AIM OF THE TASK
Every picture should be left out, but the lines below must be repeated exactly.

RECORDS
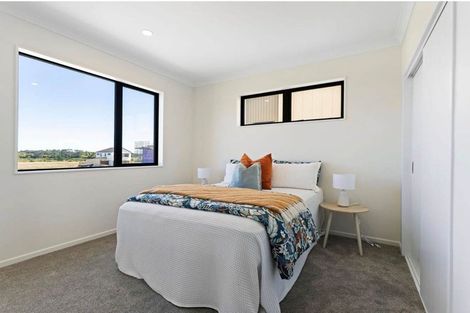 Photo of property in 13 Taipahitini Road, Rosehill, 2113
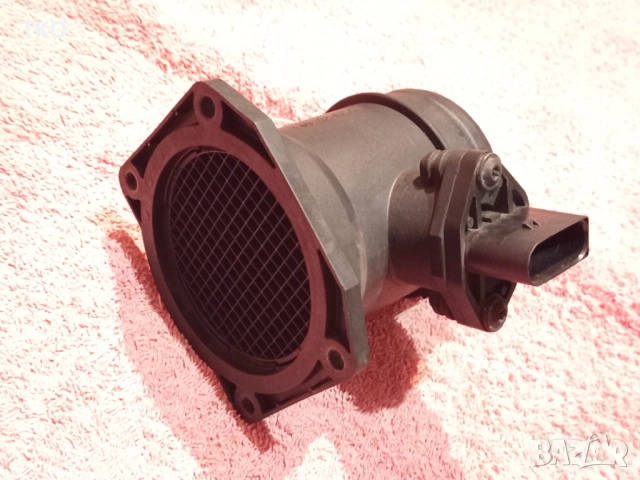 Дебитомер BOSCH за AUDI A4 A6 и VW Passat B5 - 1.8 бензин, снимка 6 - Части - 52947330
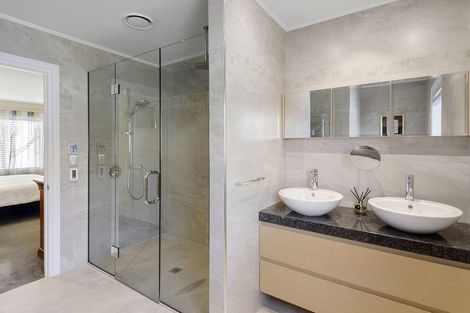 Photo of property in 40 Mcdougall Avenue, St Albans, Christchurch, 8014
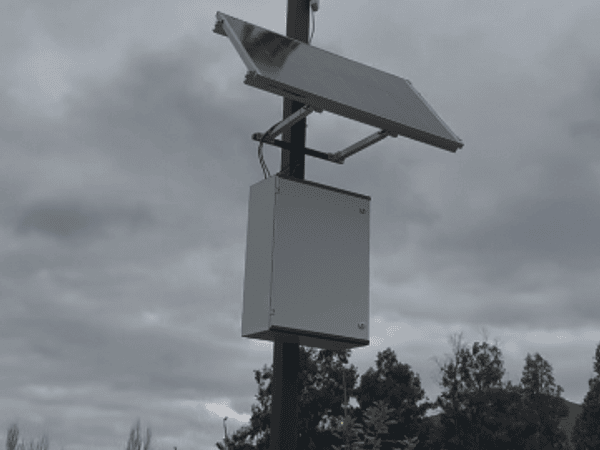 Paneles solares y baterías para cámaras de seguridad autónomas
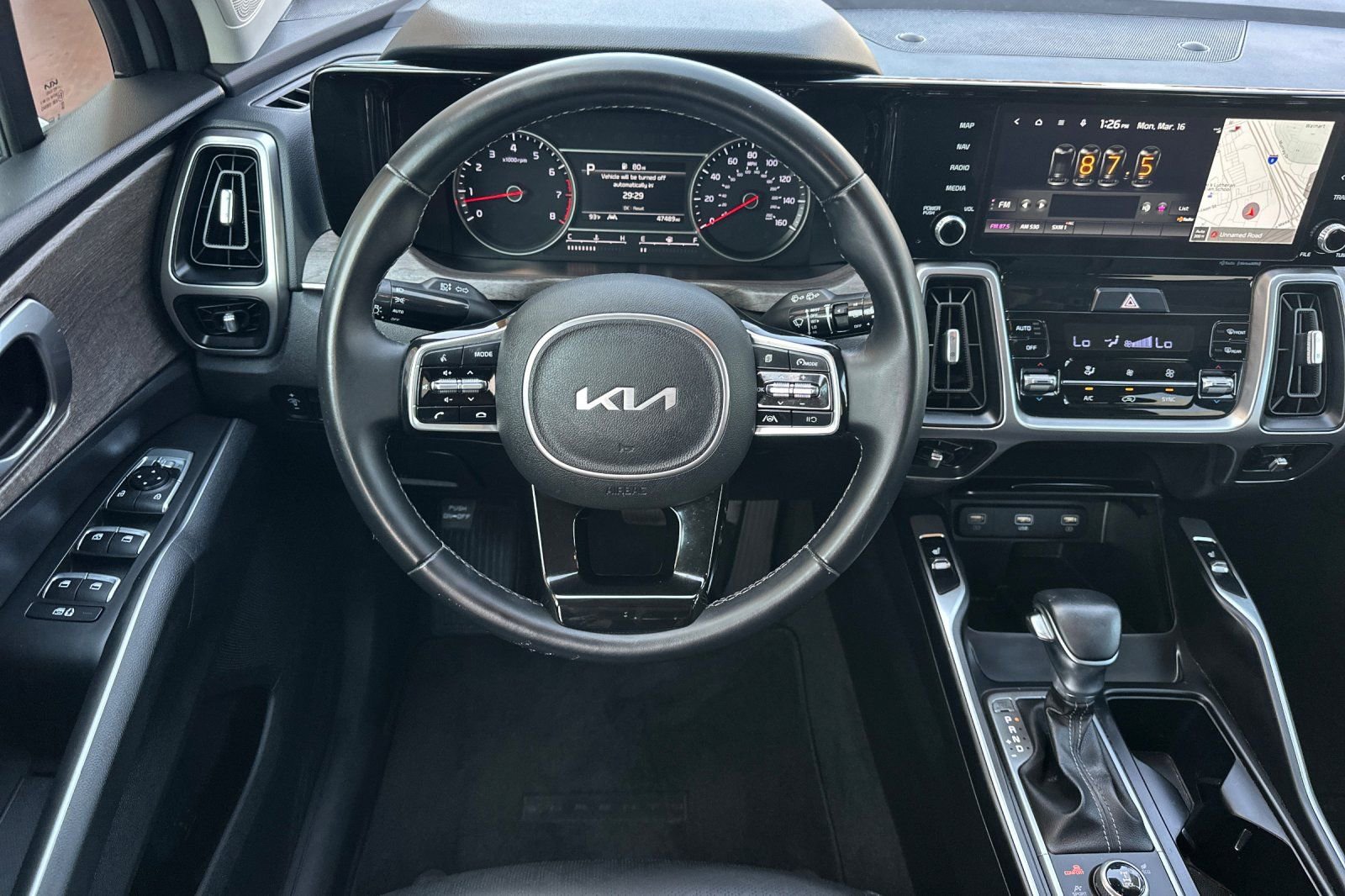 Used 2022 Kia Sorento S image 13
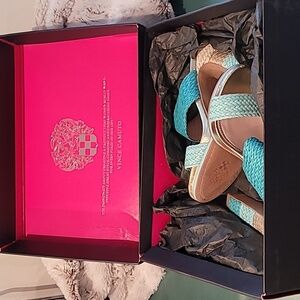 VINCE CAMUTO FEATHER BLUE ADRIENS SIZE 6M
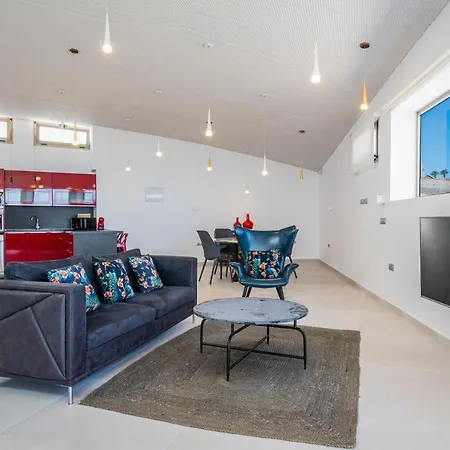 Selene Heated Indoor Pool فيلة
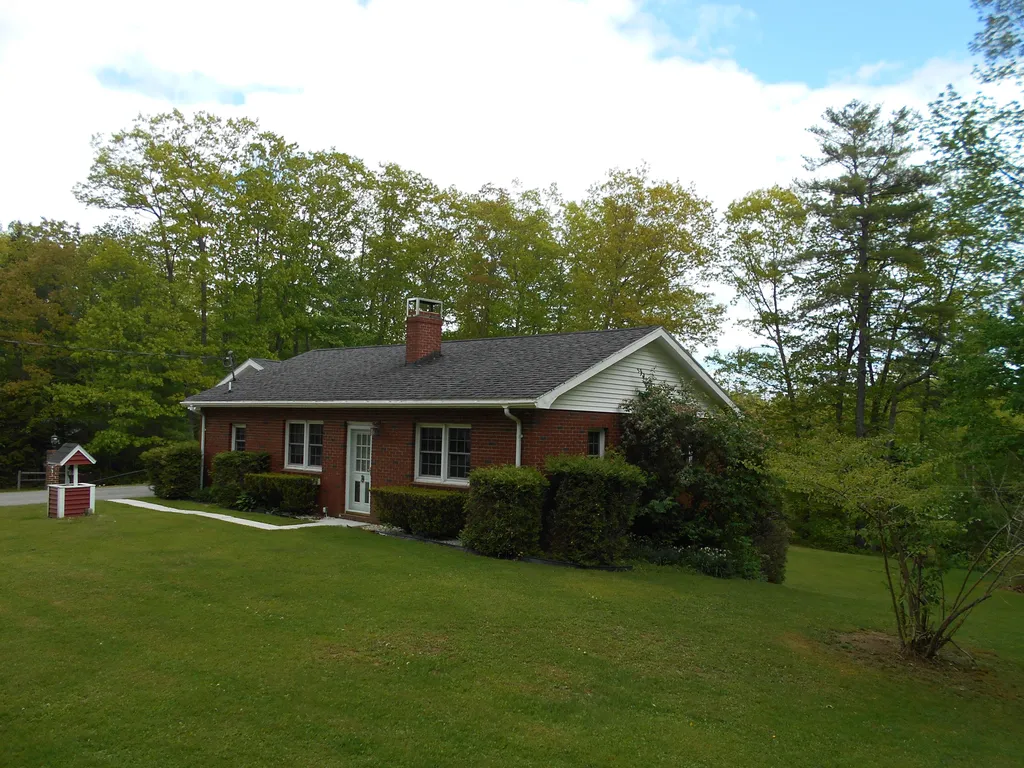 253 Mast Hill Road Bucksport ME 04416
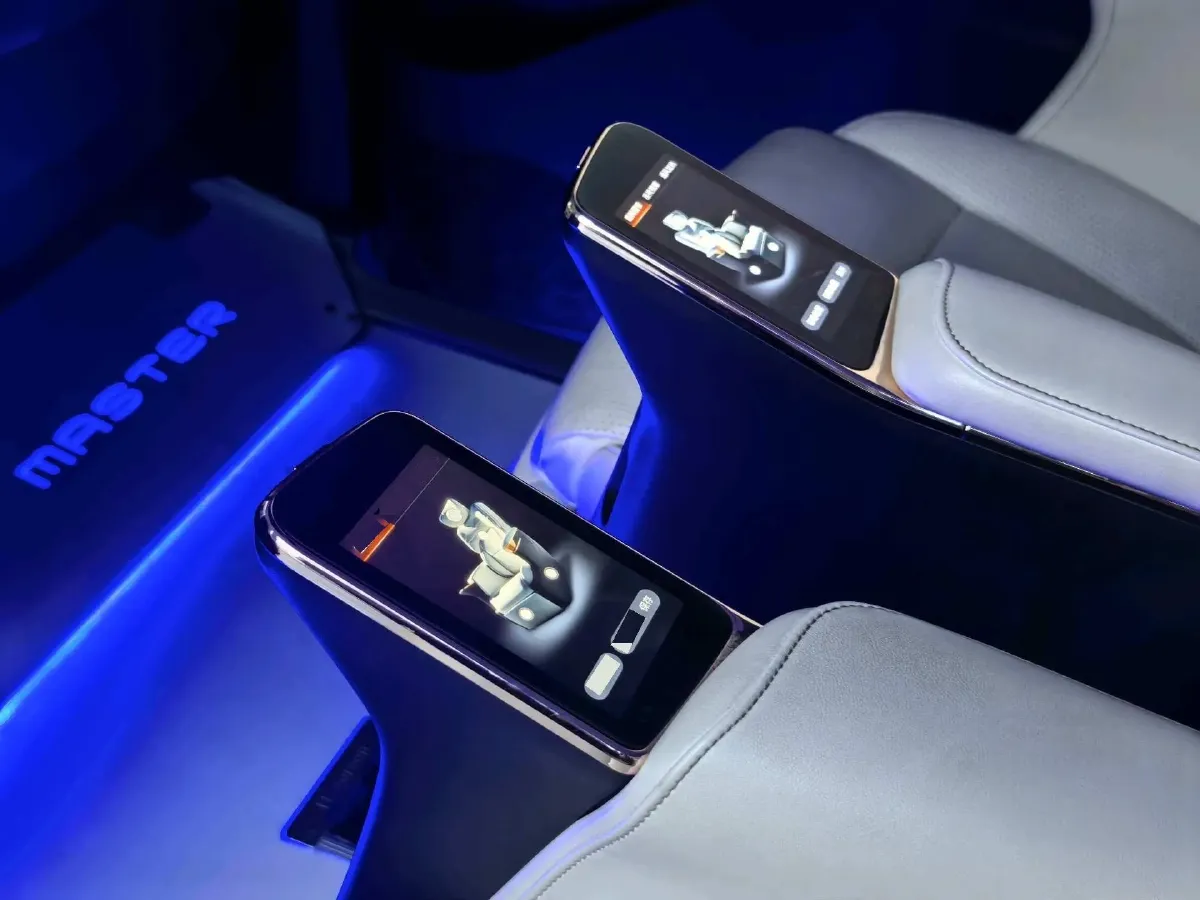 2023 GAC Trumpchi E9 2.0T 190HP L4 2DHT PHEV 25.57KWH,autocango,china used car exporter,china ev exporter,chinese used car exporter,chinese used ev exporter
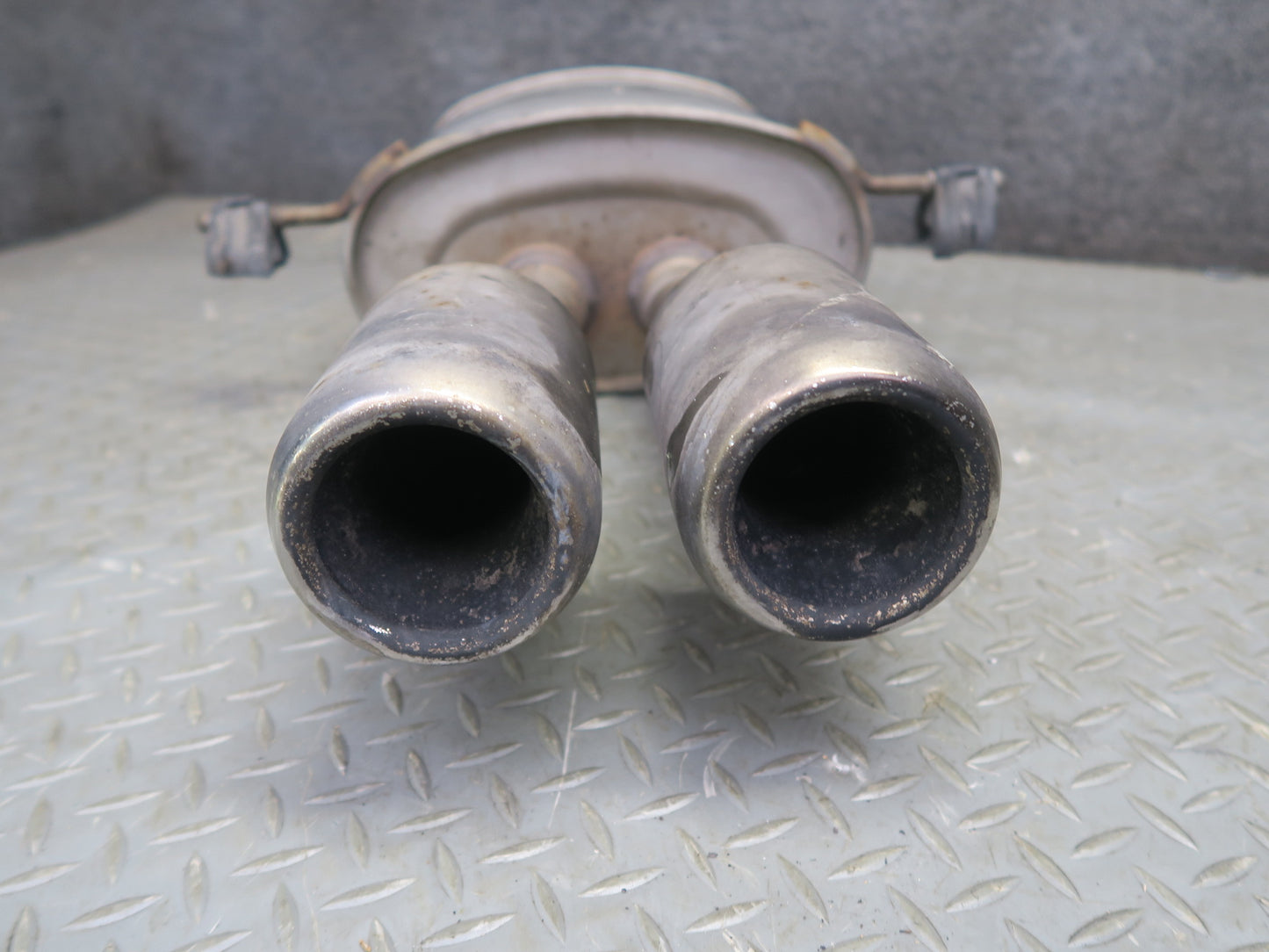 09-13 Mini Cooper S R56 R57 R58 R59 N18 Rear Exhaust Muffler w Tips 2756514 OEM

OUTPUT FOR THIS TASK
 Photo of property in 13 Taipahitini Road, Rosehill, 2113
 Дебитомер BOSCH за AUDI A4 A6 и VW Passat B5 - 1.8 бензин, снимка 6 - Части - 52947330
 Photo of property in 40 Mcdougall Avenue, St Albans, Christchurch, 8014
 Paneles solares y baterías para cámaras de seguridad autónomas
 Used 2022 Kia Sorento S image 13
 VINCE CAMUTO FEATHER BLUE ADRIENS SIZE 6M
 Selene Heated Indoor Pool فيلة
 253 Mast Hill Road Bucksport ME 04416
 2023 GAC Trumpchi E9 2.0T 190HP L4 2DHT PHEV 25.57KWH,autocango,china used car exporter,china ev exporter,chinese used car exporter,chinese used ev exporter
 09-13 Mini Cooper S R56 R57 R58 R59 N18 Rear Exhaust Muffler w Tips 2756514 OEM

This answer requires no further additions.